Snowplow Stream Enrichment


#1

Hi All,

I am setting an enrichment via stream enrichment by downloading the jar file as instructed on below link

Now , to configure it we need it’s configuration file along with another configuration file which is JSON configuration for the Iglu resolver used to look up JSON schemas.(see below link)

A sample JSON file is also given at below path

https://raw.githubusercontent.com/snowplow/snowplow/master/3-enrich/config/iglu_resolver.json
.
.
.
.
.
Now i got stuck with this sample json file ,because there are many different parameters are configured inside it and i don’t know what all are they indicates for ,also what would be the values i should configure for all those parameters to make it run…?

Can anyone please help…?


#3

@miteshu,

Those configuration files serve different purposes; they are not alternatives.

  • config.hocon: configures Stream Enrich itself. It’s specific to your pipeline implementation; make changes to reflect your architecture.
  • Iglu resolver provides the reference to Iglu server - repository of various JSON schemas used to validate various events you track. If you do not use a custom event no need to make any amendments to it.
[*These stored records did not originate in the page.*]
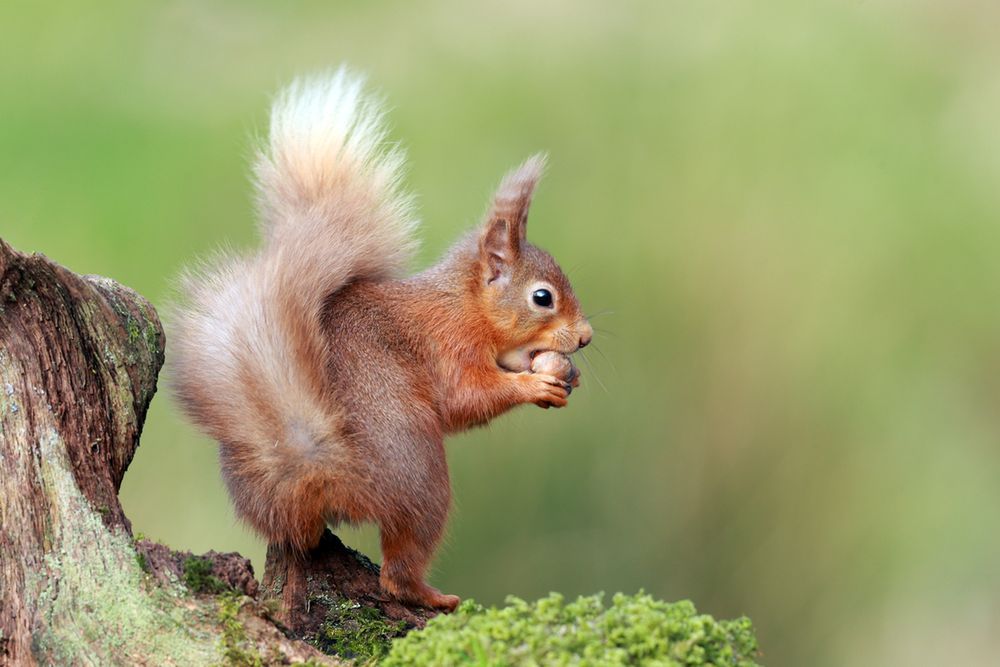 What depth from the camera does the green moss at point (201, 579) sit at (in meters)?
1.64

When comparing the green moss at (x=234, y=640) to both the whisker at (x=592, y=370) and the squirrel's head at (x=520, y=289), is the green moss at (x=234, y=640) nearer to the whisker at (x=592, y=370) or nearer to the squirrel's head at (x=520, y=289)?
the squirrel's head at (x=520, y=289)

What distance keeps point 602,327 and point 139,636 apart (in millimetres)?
1639

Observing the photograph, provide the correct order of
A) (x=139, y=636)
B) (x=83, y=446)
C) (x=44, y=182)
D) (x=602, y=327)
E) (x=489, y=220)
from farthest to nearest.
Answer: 1. (x=44, y=182)
2. (x=602, y=327)
3. (x=489, y=220)
4. (x=83, y=446)
5. (x=139, y=636)

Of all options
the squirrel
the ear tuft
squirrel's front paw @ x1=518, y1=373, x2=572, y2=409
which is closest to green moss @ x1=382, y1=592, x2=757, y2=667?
the squirrel

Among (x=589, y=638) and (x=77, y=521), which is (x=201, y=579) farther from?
(x=589, y=638)

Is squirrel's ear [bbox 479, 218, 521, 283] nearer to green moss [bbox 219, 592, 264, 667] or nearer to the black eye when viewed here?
the black eye

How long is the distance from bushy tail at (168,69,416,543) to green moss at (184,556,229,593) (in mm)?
171

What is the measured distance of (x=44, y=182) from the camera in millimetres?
3117

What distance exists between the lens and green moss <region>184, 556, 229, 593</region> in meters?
1.64

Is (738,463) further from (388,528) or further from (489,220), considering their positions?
(388,528)

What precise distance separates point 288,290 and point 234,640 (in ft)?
1.96

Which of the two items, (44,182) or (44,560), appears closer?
(44,560)

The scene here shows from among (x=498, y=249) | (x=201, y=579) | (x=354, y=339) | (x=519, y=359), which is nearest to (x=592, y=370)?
(x=519, y=359)

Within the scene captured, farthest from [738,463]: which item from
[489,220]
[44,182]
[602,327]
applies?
[44,182] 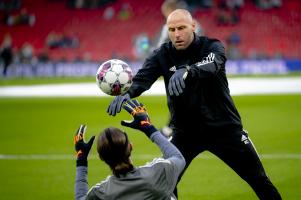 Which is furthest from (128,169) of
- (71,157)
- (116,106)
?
(71,157)

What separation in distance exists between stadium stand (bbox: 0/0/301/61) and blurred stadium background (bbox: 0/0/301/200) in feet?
0.21

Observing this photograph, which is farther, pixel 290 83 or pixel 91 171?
pixel 290 83

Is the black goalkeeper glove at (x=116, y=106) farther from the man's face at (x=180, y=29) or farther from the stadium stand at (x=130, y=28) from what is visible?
the stadium stand at (x=130, y=28)

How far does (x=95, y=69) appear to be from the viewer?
108ft

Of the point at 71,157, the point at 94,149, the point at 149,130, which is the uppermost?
the point at 149,130

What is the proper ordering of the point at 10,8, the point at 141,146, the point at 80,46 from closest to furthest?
the point at 141,146, the point at 80,46, the point at 10,8

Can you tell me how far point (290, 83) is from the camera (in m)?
24.5

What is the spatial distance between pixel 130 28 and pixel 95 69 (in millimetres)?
6433

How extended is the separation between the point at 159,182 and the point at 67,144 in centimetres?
809

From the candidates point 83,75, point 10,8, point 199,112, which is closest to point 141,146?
point 199,112

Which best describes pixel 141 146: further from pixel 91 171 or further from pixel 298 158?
pixel 298 158

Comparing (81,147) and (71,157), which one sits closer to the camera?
(81,147)

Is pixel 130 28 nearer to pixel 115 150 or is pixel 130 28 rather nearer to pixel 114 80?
pixel 114 80

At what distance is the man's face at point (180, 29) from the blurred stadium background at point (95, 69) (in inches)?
109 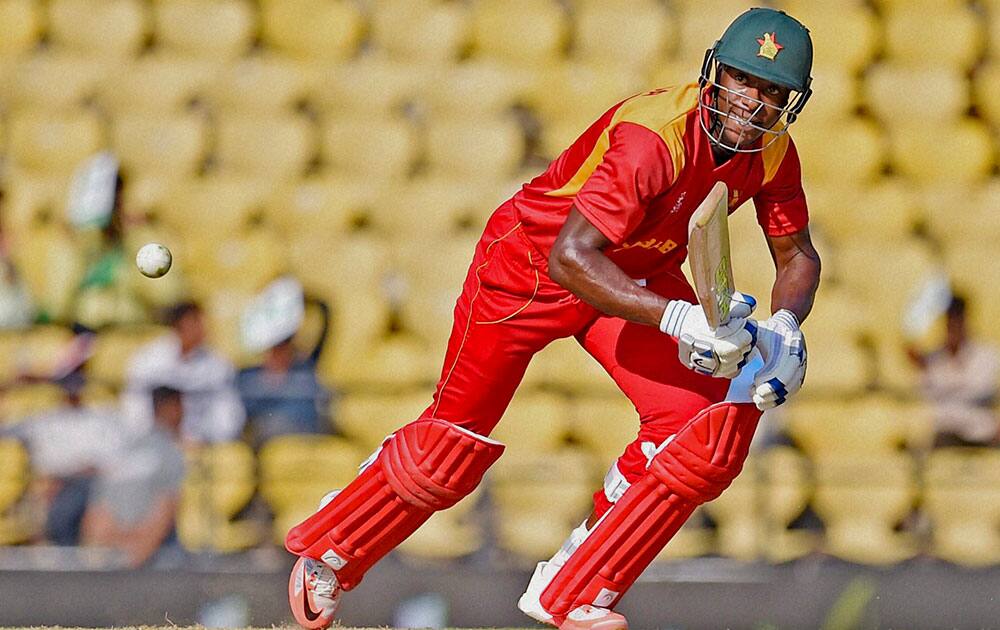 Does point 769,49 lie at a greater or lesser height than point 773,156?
greater

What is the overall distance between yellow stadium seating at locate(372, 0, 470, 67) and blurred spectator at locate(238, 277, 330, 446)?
121cm

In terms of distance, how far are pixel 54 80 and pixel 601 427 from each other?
2803 mm

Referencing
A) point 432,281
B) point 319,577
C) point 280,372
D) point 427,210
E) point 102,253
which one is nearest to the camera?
point 319,577

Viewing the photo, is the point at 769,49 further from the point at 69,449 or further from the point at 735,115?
the point at 69,449

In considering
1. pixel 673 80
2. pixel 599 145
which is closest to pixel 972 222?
pixel 673 80

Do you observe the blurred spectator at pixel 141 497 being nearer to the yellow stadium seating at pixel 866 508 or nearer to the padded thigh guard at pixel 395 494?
the padded thigh guard at pixel 395 494

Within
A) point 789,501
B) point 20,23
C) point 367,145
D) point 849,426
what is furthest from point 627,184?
point 20,23

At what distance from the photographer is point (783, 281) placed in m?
3.57

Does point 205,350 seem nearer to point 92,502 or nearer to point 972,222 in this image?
point 92,502

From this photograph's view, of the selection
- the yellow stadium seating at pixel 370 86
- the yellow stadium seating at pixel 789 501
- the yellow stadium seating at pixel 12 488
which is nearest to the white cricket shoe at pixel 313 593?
the yellow stadium seating at pixel 12 488

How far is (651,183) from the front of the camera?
3195 millimetres

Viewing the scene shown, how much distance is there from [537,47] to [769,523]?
7.79 ft

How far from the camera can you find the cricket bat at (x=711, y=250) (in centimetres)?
295

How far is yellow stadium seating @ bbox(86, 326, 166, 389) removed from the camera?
582 centimetres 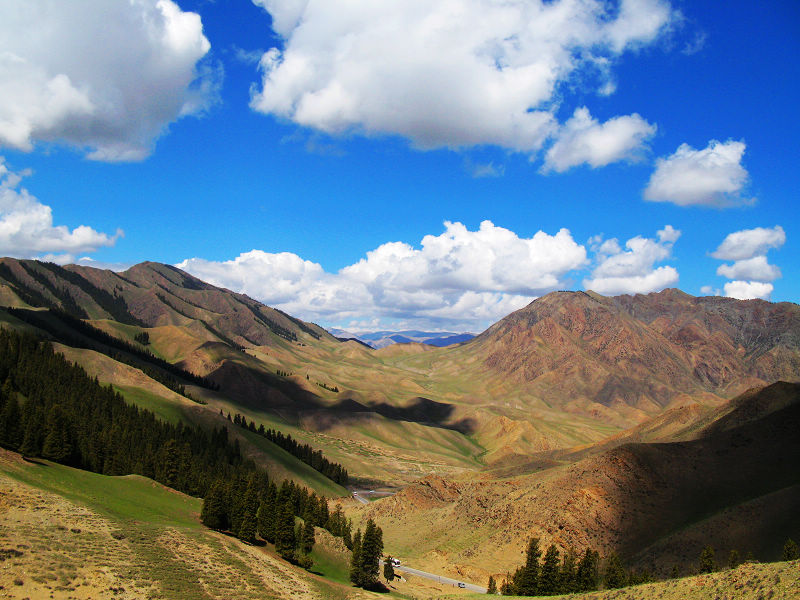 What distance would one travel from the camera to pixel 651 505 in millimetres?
98688

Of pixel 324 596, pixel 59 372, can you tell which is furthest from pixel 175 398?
pixel 324 596

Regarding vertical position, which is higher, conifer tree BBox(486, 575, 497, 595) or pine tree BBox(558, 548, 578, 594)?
pine tree BBox(558, 548, 578, 594)

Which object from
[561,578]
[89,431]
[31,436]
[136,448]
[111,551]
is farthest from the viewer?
[136,448]

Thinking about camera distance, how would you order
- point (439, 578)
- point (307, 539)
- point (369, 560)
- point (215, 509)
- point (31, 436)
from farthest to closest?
point (439, 578), point (307, 539), point (369, 560), point (31, 436), point (215, 509)

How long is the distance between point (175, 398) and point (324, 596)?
146 m

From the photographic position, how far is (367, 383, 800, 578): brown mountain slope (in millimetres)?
81688

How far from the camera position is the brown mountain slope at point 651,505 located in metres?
81.7

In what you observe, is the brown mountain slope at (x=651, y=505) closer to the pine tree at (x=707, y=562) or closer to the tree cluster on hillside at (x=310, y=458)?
the pine tree at (x=707, y=562)

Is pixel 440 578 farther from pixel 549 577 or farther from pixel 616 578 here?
pixel 616 578

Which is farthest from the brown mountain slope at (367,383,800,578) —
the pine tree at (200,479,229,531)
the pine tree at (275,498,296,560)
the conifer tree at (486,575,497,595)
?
the pine tree at (200,479,229,531)

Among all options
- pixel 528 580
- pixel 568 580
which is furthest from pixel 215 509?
pixel 568 580

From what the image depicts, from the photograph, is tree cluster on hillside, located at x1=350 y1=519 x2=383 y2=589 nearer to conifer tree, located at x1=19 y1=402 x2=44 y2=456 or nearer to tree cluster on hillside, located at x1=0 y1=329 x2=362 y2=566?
tree cluster on hillside, located at x1=0 y1=329 x2=362 y2=566

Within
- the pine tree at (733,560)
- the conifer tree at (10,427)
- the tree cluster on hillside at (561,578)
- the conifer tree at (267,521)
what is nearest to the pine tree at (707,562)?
the pine tree at (733,560)

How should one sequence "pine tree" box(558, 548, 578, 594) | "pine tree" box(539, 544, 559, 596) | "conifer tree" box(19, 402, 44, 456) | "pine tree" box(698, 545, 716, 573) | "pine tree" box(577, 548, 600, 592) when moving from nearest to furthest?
1. "pine tree" box(698, 545, 716, 573)
2. "conifer tree" box(19, 402, 44, 456)
3. "pine tree" box(558, 548, 578, 594)
4. "pine tree" box(577, 548, 600, 592)
5. "pine tree" box(539, 544, 559, 596) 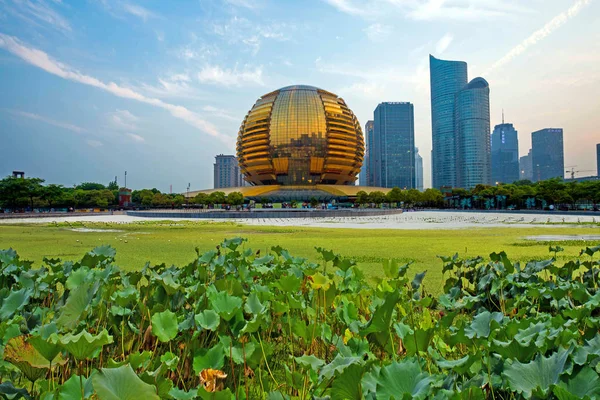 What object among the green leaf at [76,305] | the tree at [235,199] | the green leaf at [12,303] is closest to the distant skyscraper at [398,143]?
the tree at [235,199]

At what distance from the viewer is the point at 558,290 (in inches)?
118

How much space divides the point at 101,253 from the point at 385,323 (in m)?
3.20

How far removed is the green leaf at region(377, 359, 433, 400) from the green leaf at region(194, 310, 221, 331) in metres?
0.96

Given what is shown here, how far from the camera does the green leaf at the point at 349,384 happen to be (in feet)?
4.39

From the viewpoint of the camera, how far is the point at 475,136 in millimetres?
119438

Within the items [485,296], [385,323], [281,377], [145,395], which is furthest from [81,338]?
[485,296]

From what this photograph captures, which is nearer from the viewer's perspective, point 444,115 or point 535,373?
point 535,373

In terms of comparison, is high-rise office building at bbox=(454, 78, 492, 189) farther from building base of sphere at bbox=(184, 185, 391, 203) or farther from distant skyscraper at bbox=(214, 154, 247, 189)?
distant skyscraper at bbox=(214, 154, 247, 189)

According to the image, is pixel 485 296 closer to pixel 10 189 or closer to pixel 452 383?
pixel 452 383

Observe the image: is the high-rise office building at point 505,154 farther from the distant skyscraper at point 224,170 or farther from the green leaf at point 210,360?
the green leaf at point 210,360

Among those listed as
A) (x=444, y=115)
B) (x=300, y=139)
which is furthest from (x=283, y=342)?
(x=444, y=115)

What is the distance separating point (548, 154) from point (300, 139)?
4948 inches

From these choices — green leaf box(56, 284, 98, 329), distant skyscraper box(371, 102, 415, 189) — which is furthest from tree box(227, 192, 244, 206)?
distant skyscraper box(371, 102, 415, 189)

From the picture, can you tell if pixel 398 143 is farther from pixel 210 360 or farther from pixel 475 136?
pixel 210 360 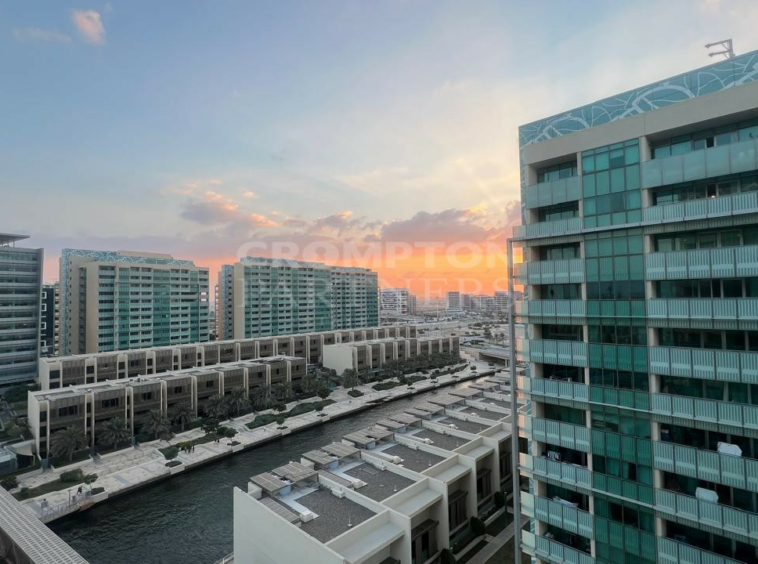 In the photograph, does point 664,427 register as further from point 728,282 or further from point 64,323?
point 64,323

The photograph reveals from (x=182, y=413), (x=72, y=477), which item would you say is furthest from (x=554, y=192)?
(x=182, y=413)

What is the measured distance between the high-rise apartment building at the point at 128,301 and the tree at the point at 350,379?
35.9 meters

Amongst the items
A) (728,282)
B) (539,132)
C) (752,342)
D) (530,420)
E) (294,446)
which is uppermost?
(539,132)

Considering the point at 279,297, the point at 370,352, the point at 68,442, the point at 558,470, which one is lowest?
the point at 68,442

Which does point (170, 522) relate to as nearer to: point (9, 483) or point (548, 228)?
point (9, 483)

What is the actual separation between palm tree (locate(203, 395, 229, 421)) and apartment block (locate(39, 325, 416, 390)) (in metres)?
15.1

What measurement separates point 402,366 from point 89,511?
159 feet

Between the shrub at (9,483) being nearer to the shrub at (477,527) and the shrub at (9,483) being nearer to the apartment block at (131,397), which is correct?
the apartment block at (131,397)

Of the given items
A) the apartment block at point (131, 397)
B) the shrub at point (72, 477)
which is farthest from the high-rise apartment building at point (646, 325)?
the apartment block at point (131, 397)

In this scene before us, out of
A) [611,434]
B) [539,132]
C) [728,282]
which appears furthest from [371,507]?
[539,132]

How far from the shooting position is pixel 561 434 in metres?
14.1

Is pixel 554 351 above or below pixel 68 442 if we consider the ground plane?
above

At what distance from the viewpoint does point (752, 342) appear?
11.0 meters

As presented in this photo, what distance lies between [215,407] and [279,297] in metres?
45.8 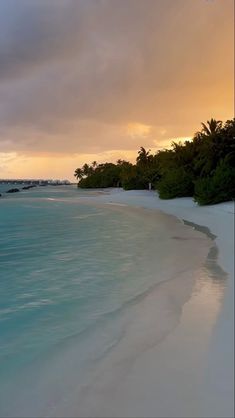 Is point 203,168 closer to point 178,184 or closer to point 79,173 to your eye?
point 178,184

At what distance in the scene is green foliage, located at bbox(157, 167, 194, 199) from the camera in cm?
3372

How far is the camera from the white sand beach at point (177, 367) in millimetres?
3604

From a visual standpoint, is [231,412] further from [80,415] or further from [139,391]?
[80,415]

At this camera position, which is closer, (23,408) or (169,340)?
(23,408)

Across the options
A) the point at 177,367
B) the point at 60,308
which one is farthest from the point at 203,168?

Both configuration files need to be passed over as parameters as described in Run Stream Enrich.


#4

Hello @ihor ,

Thanks a lot for your heads up.

Yes…i know these 2 configuration files serve different purposes and they are not alternatives, though i am using both the files and passing over as parameters as well.

My only question is how should we configure iglu resolver configuration , i mean what values should we set inside it.

Since, i am not able to relate the parameters inside iglu resolver config file with their exact purpose and because of that don’t know what values should i use for those parameters.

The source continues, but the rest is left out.